Du folklorisme à l’actualité
Un premier point à remarquer dans Arantxa est le thème même choisi par l’auteur. Car c’est probablement la marque du nouveau roman gascon. En effet, fin XIXe siècle, le mouvement du Félibrige a été essentiellement tourné vers la collecte et la transmission de la culture et de la langue. Les écrivains d’alors ont impulsé une renaissance romantique et naturaliste de la littérature en langue d’oc, que ce soit Frédéric Mistral en Provence, Miquèu de Camelat en Gascogne et bien d’autres.
Par cette préoccupation folkloriste, la campagne, dernier lieu de culture régionale, est à l’honneur.
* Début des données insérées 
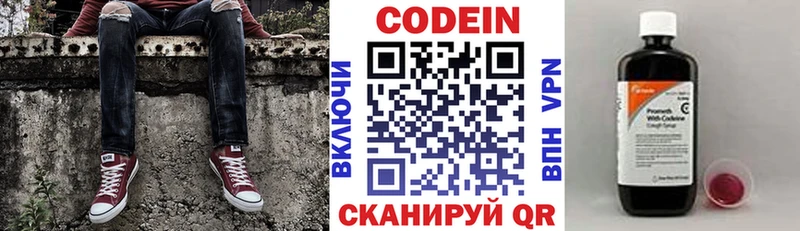 мега маркетплейс Талдом Кодеиновый сироп Lean напиток Lean (лин) где найти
On va y puiser la connaissance de la langue, des idiomes, les coutumes, la mémoire du peuple, de son histoire, de ses contes. Et on écrit avec lyrisme, émotion, pour les personnes de la campagne. Les personnages sont souvent aussi des gens de la campagne.

Arantxa rompt avec cette littérature et nous projette dans la grande tradition du roman moderne européen, du roman « sur » l’amour comme le précise le critique littéraire Pierre Lepape. Tout d’abord, l’auteur, Eric Gonzalès, un écrivain pour qui l’écriture en gascon est une évidence, situe son roman, non pas en Gascogne, mais de l’autre côté de la frontière, chez ses voisins, dans le pays basque espagnol. Pays et langue qu’il connait bien. Les personnages sont principalement des étudiants, la majorité des événements se passent en ville. L’amour des deux protagonistes est indissociable du contexte social, en l’occurrence de ce que l’on appelle les années de plomb du pays basque.
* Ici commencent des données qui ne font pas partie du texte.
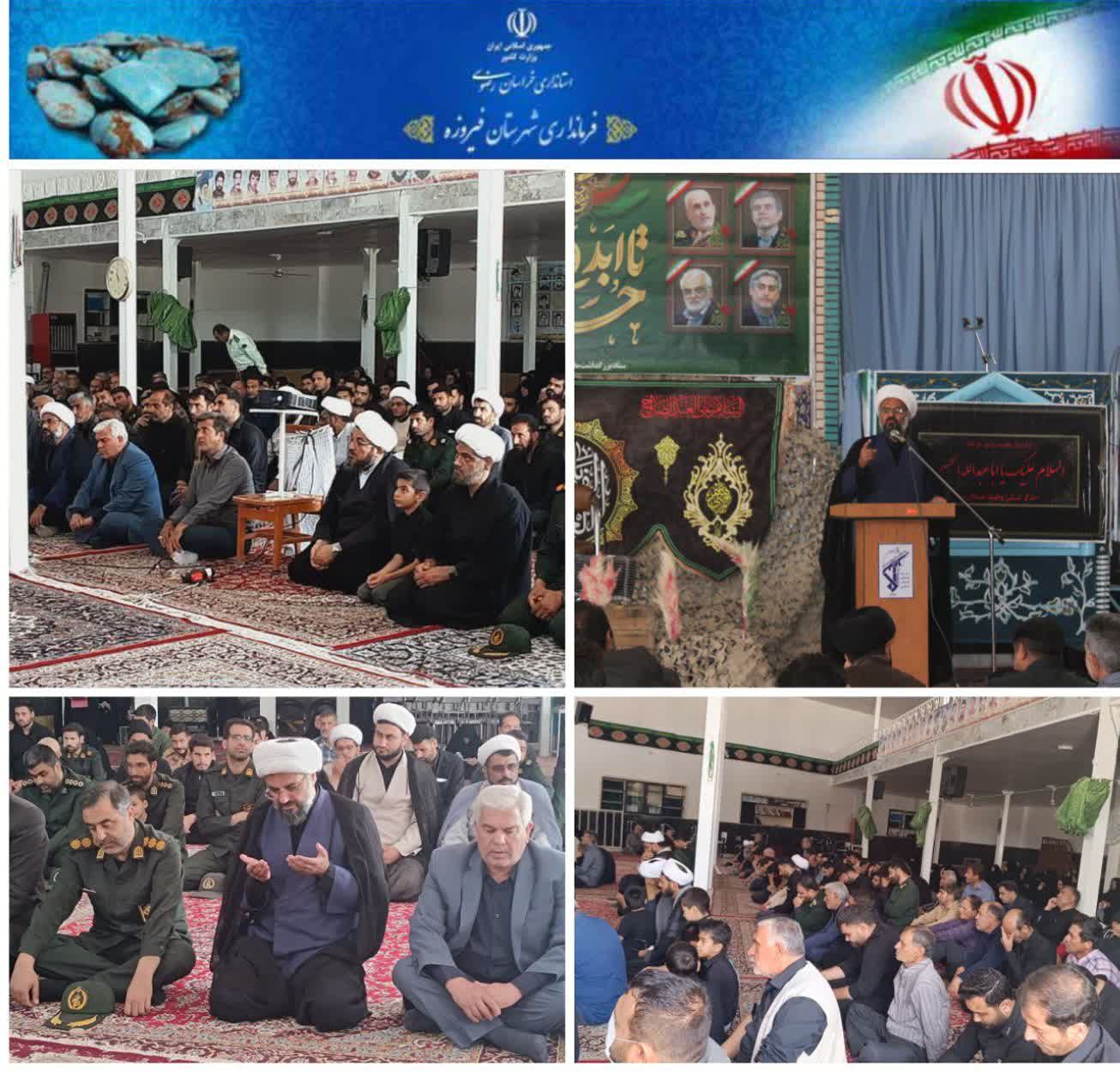 مراسم یادبود شهدای اقتدار در فیروزه برگزار شد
Arantxa, l’impossible libération
Tout en douceur, le roman Arantxa nous propose des contrastes. L’engagement politique d’Arantxa, par exemple, est entremêlée avec son histoire personnelle, celle, tragique, de son père et de son opposition au franquisme, sa condition sociale difficile qui tranche avec celle d’Alan, dont la vie et celle de sa famille sont plus tranquilles, plus aisées.
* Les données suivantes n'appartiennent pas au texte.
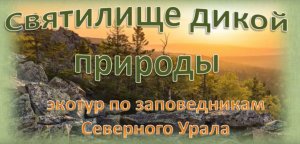 Северный Урал и Республика Коми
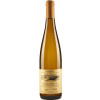 Göhlen 2019 Bacchus trocken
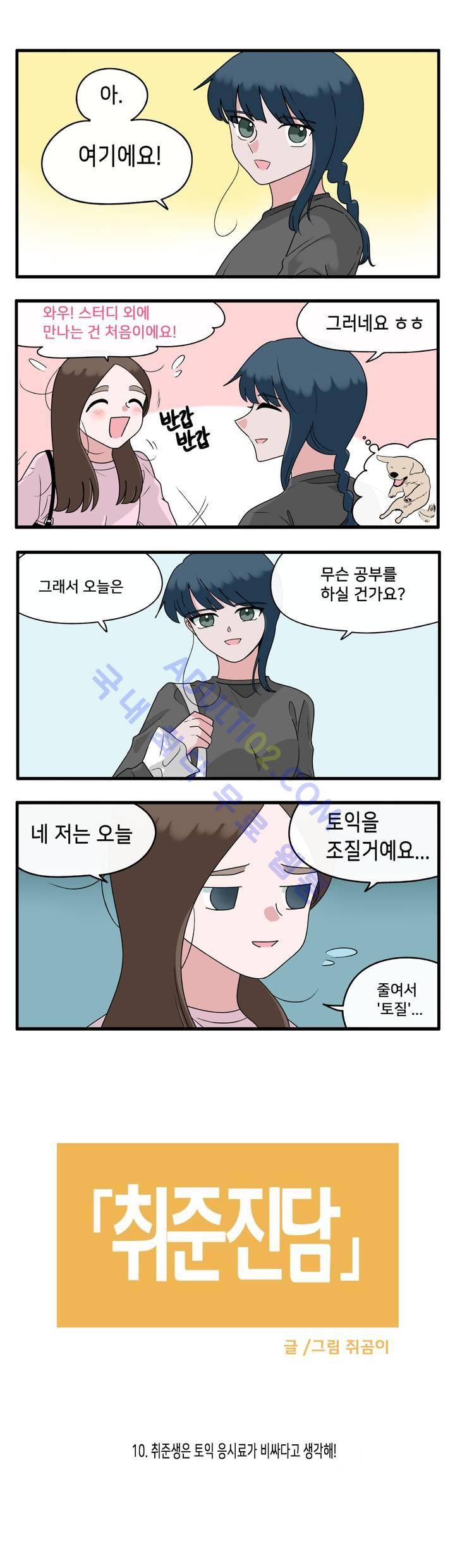 취준진담 10화 2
Le livre mêle aussi la limpidité de l’histoire d’amour et la confusion du contexte social : les comportements des groupes politiques qui vont du compromis avec le gouvernement en place jusqu’à la lutte armée, la quasi indifférence des colocataires d’Alan, l’activisme des membres de l’ETA dont les motivations sont très différentes et personnelles. Les tensions, les désirs, les jalousies sont des moteurs puissants et terribles dans le groupe de la jeune Arantxa.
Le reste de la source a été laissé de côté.